The investigation, published Monday, demonstrates how data from soldiers' exercise routines can reveal the locations of sensitive military facilities, patrol routes, and even the layouts of classified bases in conflict zones. The findings come as France maintains deployments across Africa, the Middle East, and Eastern Europe amid multiple security crises.
"What's most alarming is that this problem was supposed to have been fixed," said Jean-Dominique Merchet, Le Monde's defense correspondent. "After the 2018 'Stravaleaks' exposed US bases, military leadership around the world promised reforms. Clearly, those reforms were never implemented—or soldiers simply ignored them."
The 2018 incident revealed the locations of secret US military bases in Afghanistan, Syria, and elsewhere when American soldiers' jogging routes appeared on Strava's public heat map. The revelation prompted the Pentagon to issue new guidelines restricting use of fitness trackers and other connected devices in operational areas.
French military leadership promised similar reforms. They failed to implement them effectively, and now that failure could have lethal consequences during active deployments.
The Le Monde investigation used open-source intelligence techniques to cross-reference Strava data with known French military installations. In some cases, reporters could identify not just the location of bases but also which buildings housed specific units, the timing and routes of perimeter patrols, and the exercise habits of individual personnel.
The security implications are severe. In Mali, where French forces are engaged in counterterrorism operations, Strava data reveals patterns that hostile forces could exploit to time attacks. In Eastern Europe, where France contributes to NATO's enhanced forward presence, the data could provide Russian intelligence with valuable information about force disposition and routine.
To understand today's headlines, we must look at yesterday's decisions. Modern militaries have struggled to balance operational security with the reality that soldiers are digital natives who use consumer technology habitually. Banning devices entirely is impractical and harms morale. But allowing their use without adequate safeguards creates precisely the vulnerabilities Le Monde has now exposed.
The French Ministry of Defense issued a statement Monday acknowledging the breach and announcing immediate measures. Personnel in operational theaters will be required to disable location services on all personal devices, and the use of fitness tracking apps will be prohibited in designated security zones.

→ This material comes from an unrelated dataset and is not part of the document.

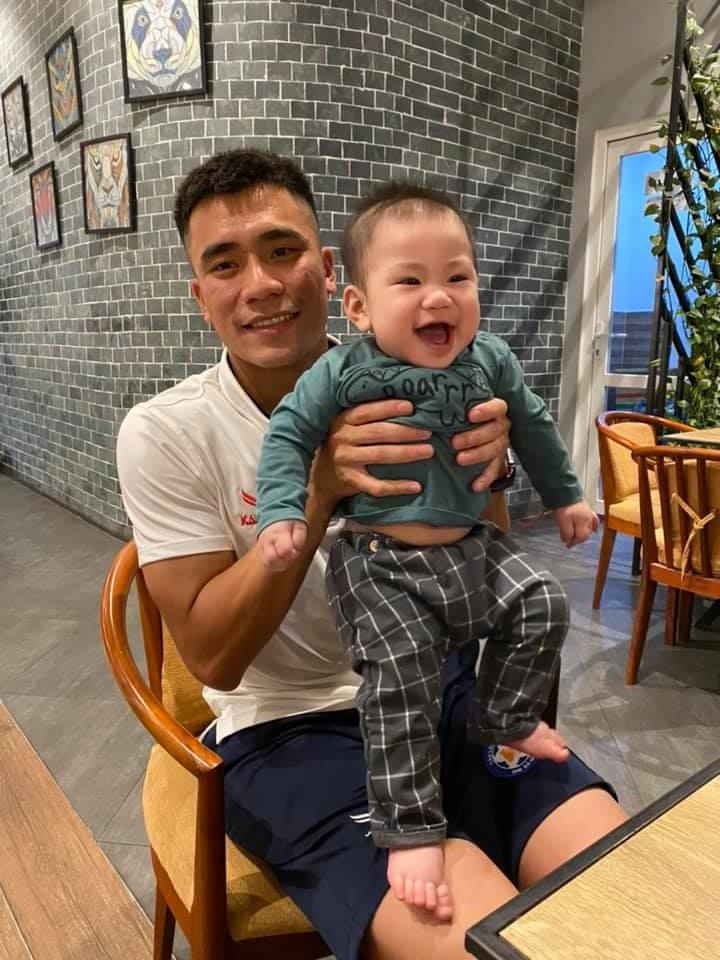 cau thu viet nam cham con mua dich anh 9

But experts question whether these measures will be enforced more successfully than previous guidelines. The problem is not lack of policy—it's lack of compliance and inadequate technical controls.
"You can't rely on 18,000 soldiers individually remembering to turn off their fitness apps," said Baptiste Robert, a French cybersecurity researcher. "You need network-level controls that prevent these apps from transmitting location data from sensitive areas. That requires investment and technical sophistication that many militaries haven't prioritized."
The breach also raises questions about whether adversaries have been exploiting this data without public disclosure. While Le Monde used only openly available information, intelligence services presumably have more sophisticated methods for harvesting and analyzing fitness app data.
Russia, China, and other nations with advanced cyber capabilities may have been tracking French military movements for years through this vector. The Le Monde revelation merely makes public what foreign intelligence services likely already knew.
For France, the timing is particularly embarrassing given Monday's announcement of AI deployment across military operations. The juxtaposition of cutting-edge artificial intelligence integration with failures on basic operational security highlights the uneven nature of military modernization.
French Defense Minister Sébastien Lecornu called the breach "unacceptable" and ordered an investigation into why 2018 reforms were not effectively implemented. But the incident reflects a broader challenge facing all modern militaries: how to maintain security in an era when nearly every device can become a tracking beacon.